Official guidelines suggest that while products are often bought by consumers who believe they will experience both physical benefits and a positive effect on cognitive performance and well-being, some adaptogens may not be suitable for people with certain conditions, so it is always best to consult your GP first.
A recent systematic review by the Cochrane Collaboration, a non-profit organisation, has assessed the effects of an adaptogen like ginseng supplements and while it concluded that although it "appears to have some beneficial effects on cognition, behaviour and quality of life," it also reported "more rigorously designed studies are needed for conclusive proof of effectiveness".
However, adaptogen-rich blended powders are becoming more widely available. Ginseng and turmeric are easy enough to find and can be infused in hot water or blended into smoothies easily. Less simple to track down are ashwaganda (a popular herb in ayurvedic medicine thought to have a soothing effect), maca (a root similar to ginger which increases energy, strength and libido), or cordyceps (an energy-boosting mushroom traditionally grown in China on the bodies of caterpillars - though it's now cultured in a lab).
Here are six ways to get adaptogens into your diet...
Turmeric is already being used to treat inflammatory conditions because of the anti-inflammatory effects of curcumin - the yellow pigment present in turmeric. The tiny root is also considered to be adaptogenic because it can help the body to maintain the appropriate level of cortisol. Take it in its raw form if possible, infused in hot water or blended in a smoothie.
Holland and Barrett does a supplement which combines Korean ginseng with Ginkgo Biloba - another adaptogenic herb which promises to help with declining memory and circulatory problems. You can also easily buy ginseng tea.

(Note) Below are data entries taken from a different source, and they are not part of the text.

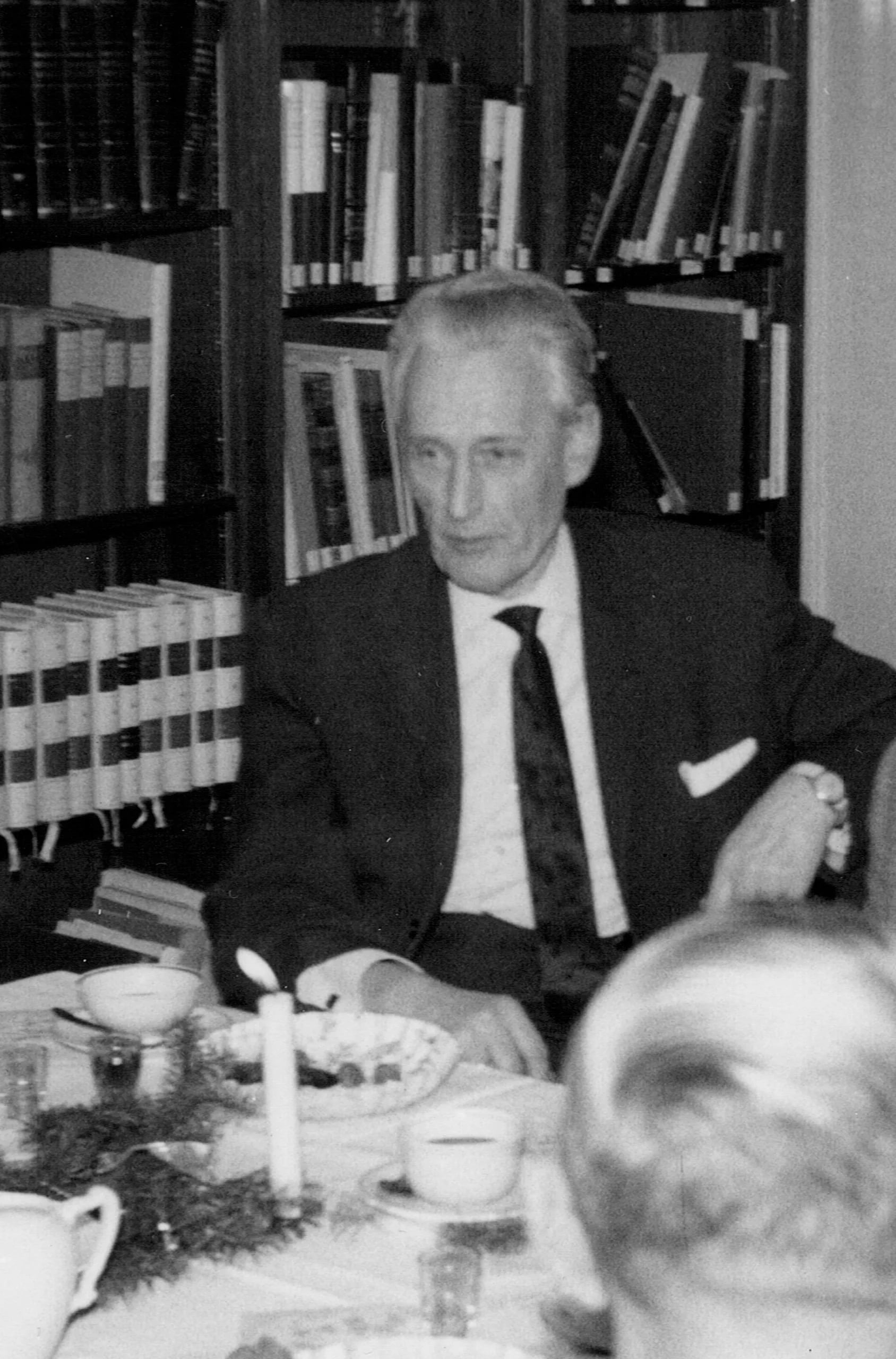 Porträt von Cornelius Müller Hofstede (1898–1974) – Gedenkseite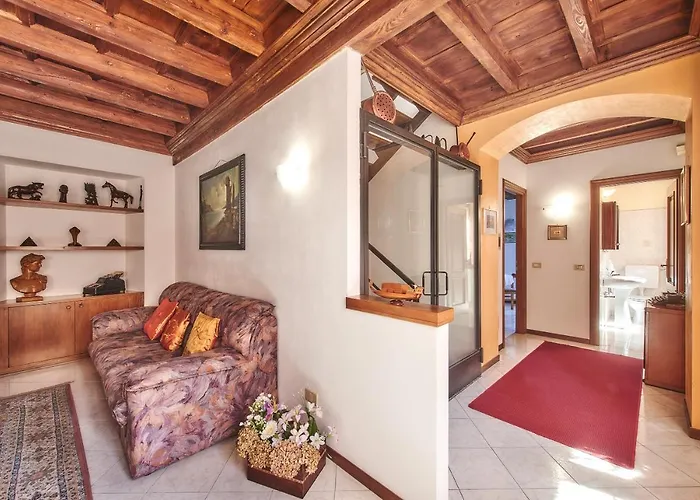 Casa Mocchetti Сasa de vacaciones Lezzeno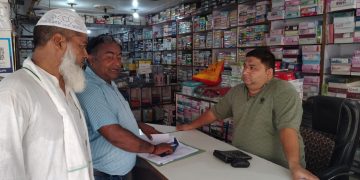 बदायूं पालिका का शिकंजा : अब नालियों में कूड़ा फेंका तो लगेगा जुर्माना, होगी कानूनी कार्रवाई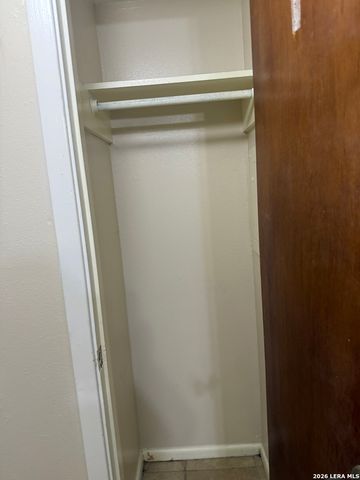 923 Vance Jackson Rd Apt 1301, San Antonio, TX 78201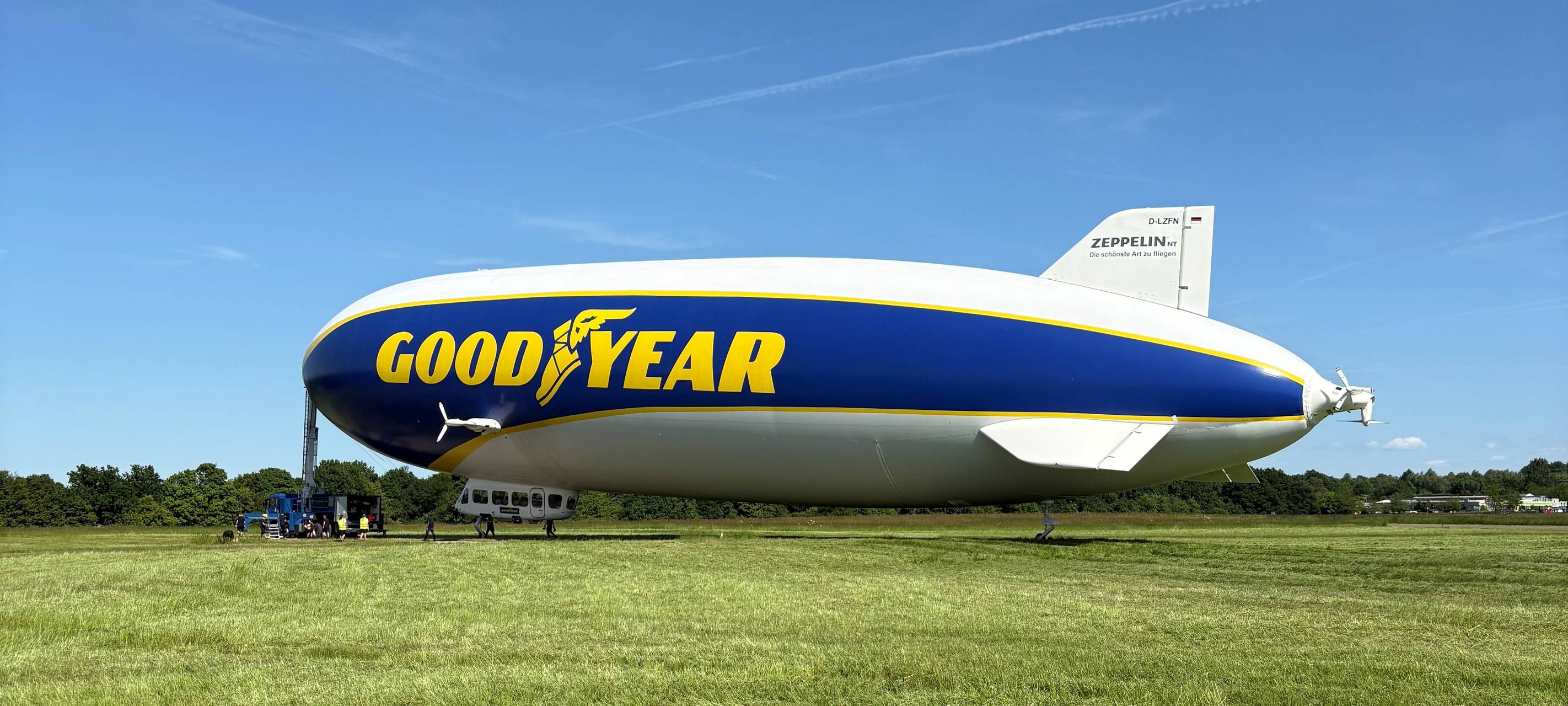 Zeppelin über Essen wieder unterwegs - Saison startet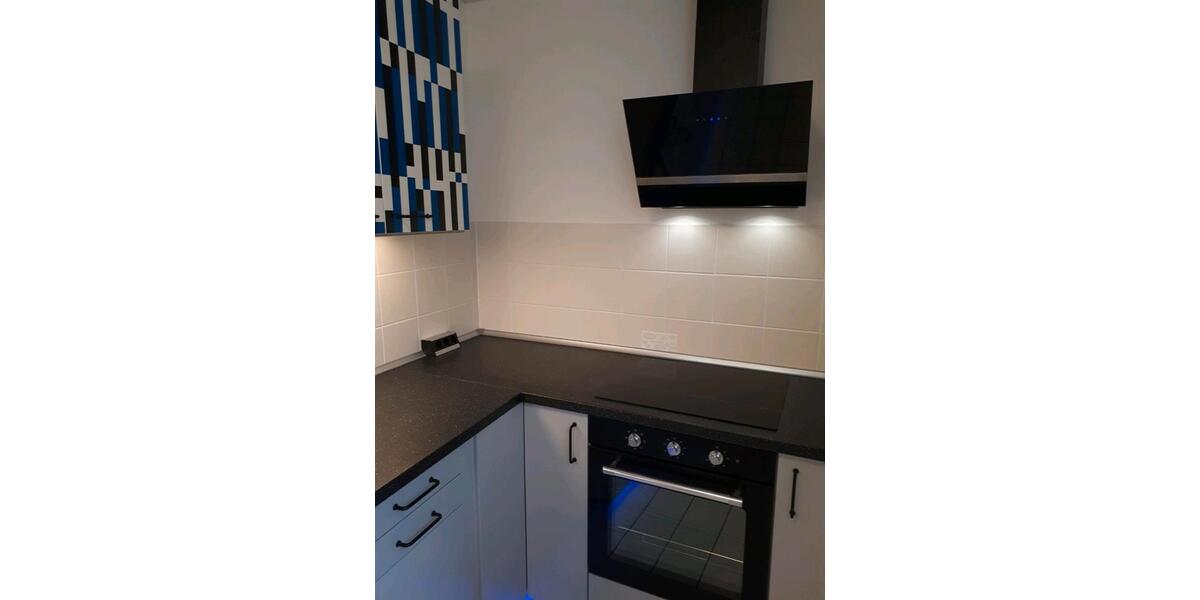 Etagenwohnung Solingen - 1 Zimmer, 49 m&sup2;, 645&euro; | Angebot:25640097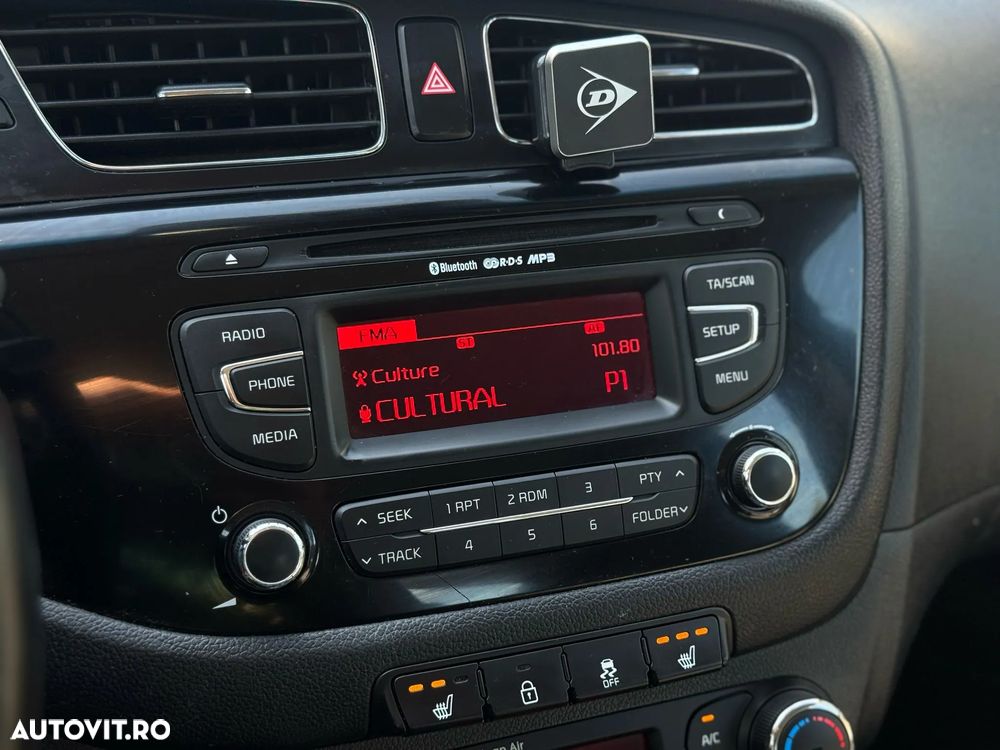 Kia Ceed - 32
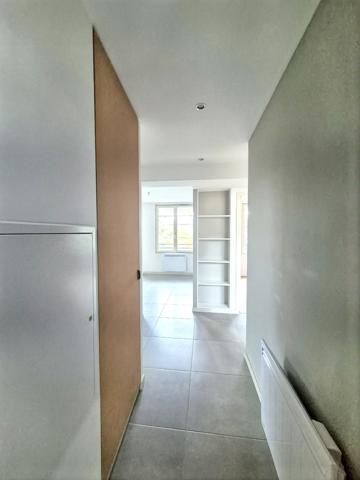 Appartement
                                                                                                                                                                                                                                                                                                                        3 pièce(s)                                                                                                                                                                                                          2 chambre(s)                                                                                                                                                                                                          56.4  m²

Goji berries have been used in traditional Chinese medicine for over 2,000 years and are said to help elevate your energy and stamina. Add them to juices or smoothies, or eat them raw with nuts and seeds as you would any other dried fruit.
Liquorice root is best, Naomi says, to take as a tincture. "Put a couple of drops on your tongue in the morning. If you wake up in the morning and you feel as if you've been hit by a bus, liquorice root provides an instant energy boost. You shouldn't take it, however, if you have high blood pressure, though people with fatigue tend to have low blood pressure." Holland and Barrett do dried liquorice root which you can steep in hot water to make a potent tea.
Adaptogen-rich juices and nut milks
You can also glug your adaptogens in the form of a cold-pressed juice or the ever-trendy "mylk" (made from almonds, oats, hazelnuts - anything you wouldn't naturally milk, essentially). Try making a ginseng shot with maca, which promises to give you an energy and immune boost.
You might imagine that getting hold of this Peruvian superfood would be tricky, but health food shops sell it in powdered form. They suggest adding a teaspoon of it into milkshakes or smoothies daily to boost your energy.